• **What you should do**:
Everything in the records below from the line containing "咖啡加牛奶怎么调法(咖啡加牛奶怎么调法好喝)" through the line containing "XTRA POWER RABBETING (SLOT BIT) 9091" is to be reproduced exactly, those two lines included; no picture is to be copied.

*** Input data Section Begins ***

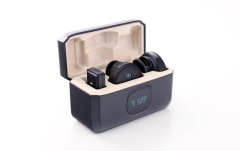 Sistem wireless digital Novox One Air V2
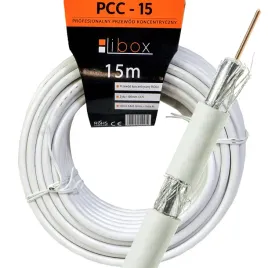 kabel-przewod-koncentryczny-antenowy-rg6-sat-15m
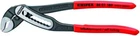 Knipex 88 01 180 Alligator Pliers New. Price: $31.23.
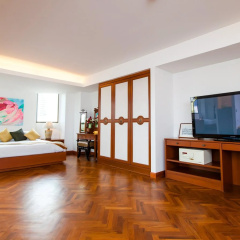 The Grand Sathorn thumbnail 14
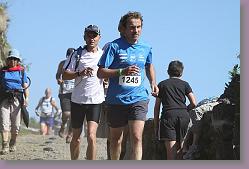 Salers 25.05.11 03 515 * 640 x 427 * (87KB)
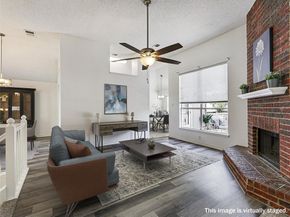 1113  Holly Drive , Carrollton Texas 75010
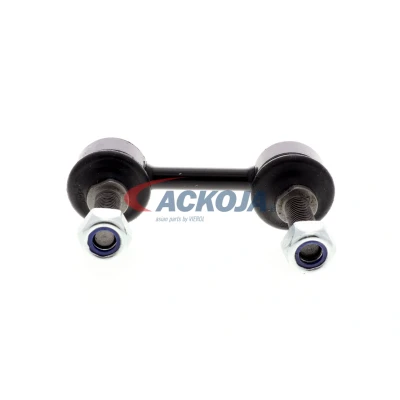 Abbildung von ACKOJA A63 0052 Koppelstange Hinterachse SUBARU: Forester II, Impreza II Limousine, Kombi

*** Input data Section Ends ***
*** Input data Section Begins ***

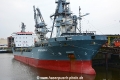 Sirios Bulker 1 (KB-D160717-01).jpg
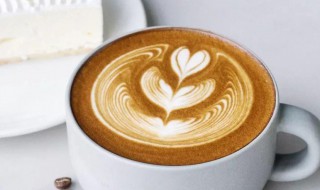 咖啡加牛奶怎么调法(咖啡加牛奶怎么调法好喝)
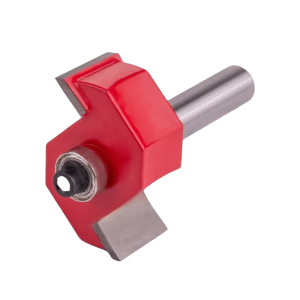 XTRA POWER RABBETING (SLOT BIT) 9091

*** Input data Section Ends ***

• **Output**:
 咖啡加牛奶怎么调法(咖啡加牛奶怎么调法好喝)
 XTRA POWER RABBETING (SLOT BIT) 9091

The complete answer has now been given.